Data excerpts:
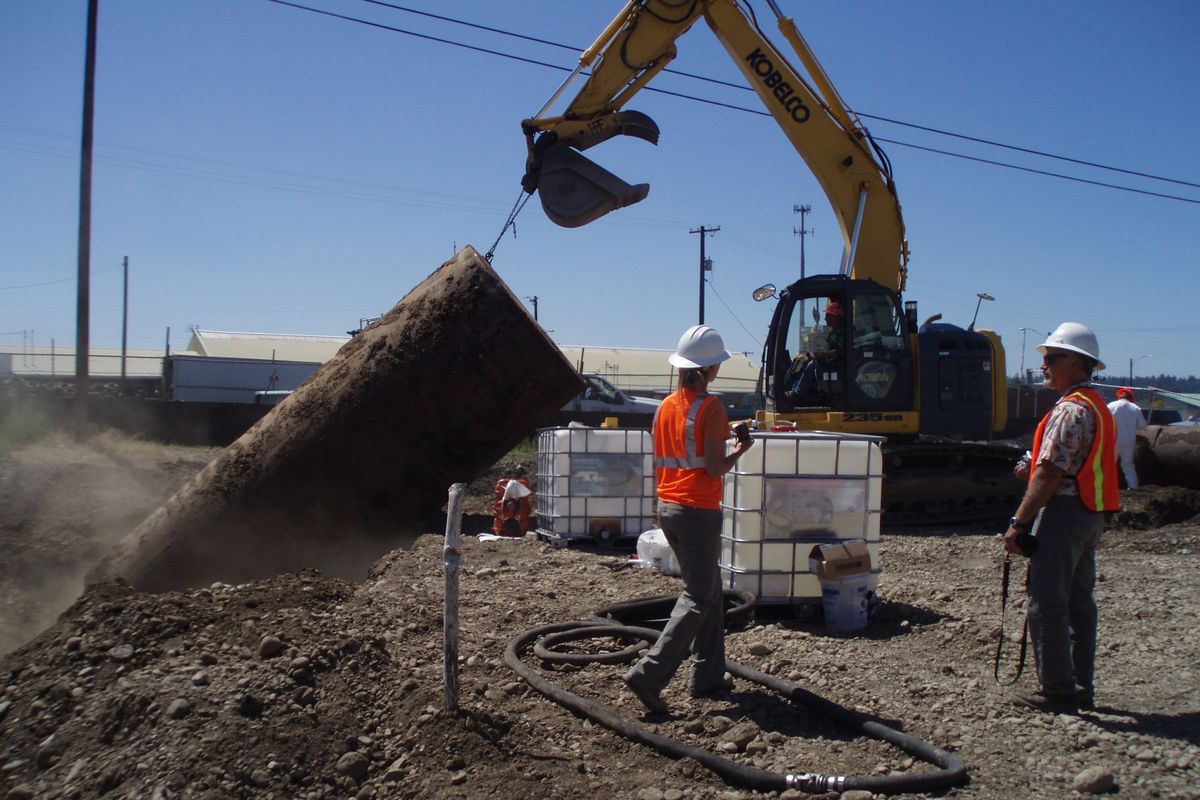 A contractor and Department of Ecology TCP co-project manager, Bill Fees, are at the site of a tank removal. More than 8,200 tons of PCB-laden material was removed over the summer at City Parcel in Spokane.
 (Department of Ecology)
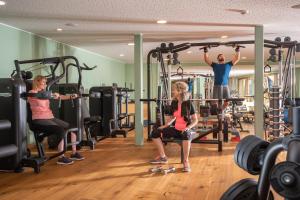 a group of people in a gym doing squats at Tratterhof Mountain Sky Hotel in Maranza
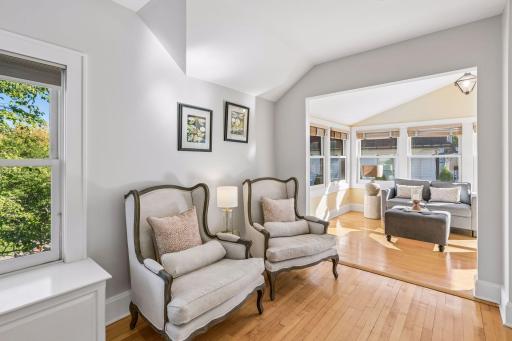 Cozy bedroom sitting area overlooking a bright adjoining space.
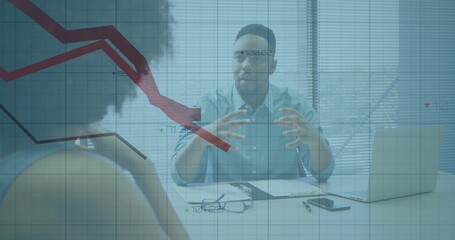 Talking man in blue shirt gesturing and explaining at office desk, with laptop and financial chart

Task item: Without any pictures, reproduce exactly the lines from the line that contains "Cozy bedroom sitting" to the end of the entries above, both ends included.

Answer box:
 Cozy bedroom sitting area overlooking a bright adjoining space.
 Talking man in blue shirt gesturing and explaining at office desk, with laptop and financial chart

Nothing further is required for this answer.